The Lost Worlds
During the Jurassic, the original "Pangaea" super-continent split into 4 main pieces: Laurentia (North America), Baltica, Siberia and Gondwana - large rafts of the earth's crust, "floating" on the planet's molten interior.
This map shows how the modern southern continents fitted together - as confirmed by exact correlations between rock and mineral formations, now separated by thousands of miles and major oceans.
Gondwanaland - How the Continents Fitted Together
Wikipedia has ths comment on climate: "During the late Paleozoic, Gondwana extended from a point at or near the south pole to near the equator. Across much of Gondwana, the climate was mild. During the Mesozoic, the world was on average considerably warmer than today. Gondwana was then host to a huge variety of flora and fauna for many millions of years."
During the mid Jurassic - about 167,000,000 years ago - while things were still pretty warm, this large continent also began to break up, with the eastern portion, comprising Antarctica, Madagascar, India and Australasia, slowly separating from Africa and South America, before the individual continents gradually split away from each other.

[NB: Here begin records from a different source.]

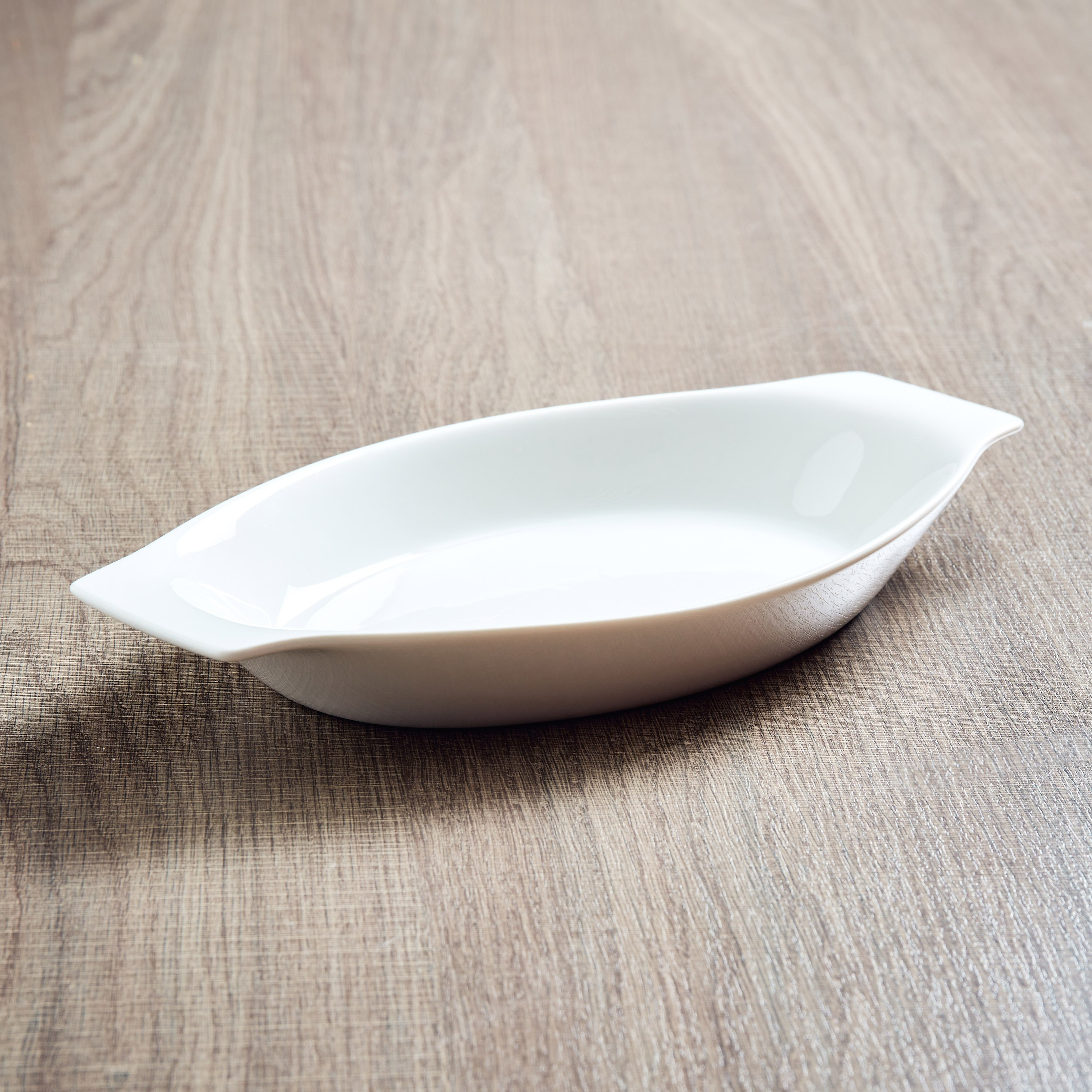 صحن تقديم بشكل بانانا من هوسبيتاليتي - 31 سم-hbxdecorandfurnishings-tabletop-crockery-image-2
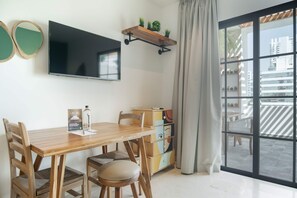 House | 1 bedroom, Internet - w Elegant Loft w Balcony in Bocagrande (Cartagena)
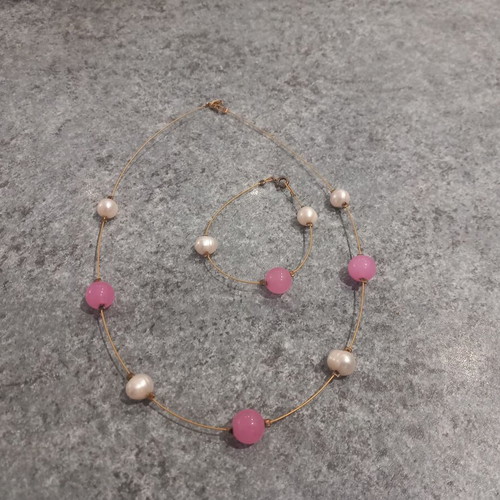 Necklace and bracelet set with pink and white beads like new, handmade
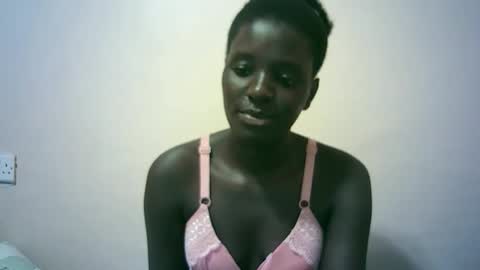 Snapshot of tishah chatting on 10/27/25, 09:30 Roshan online show from 10/27/25, 09:30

At the southern end of this huge landmass was a geosyncline - we call it the Andean Geosyncline to the west and the New Zealand Geosyncline to the east. This is an area of subsidence in the earth's crust. In this active subduction zone, the edge of the crust is constantly being drawn back into the hotter regions of the mantle below. And there's little old New Zealand sitting right in it!
It's this process that feeds volcanic activity - hence the volcanoes along the west coast of South America and the clear linear arrangement of volcanoes in Aotearoa.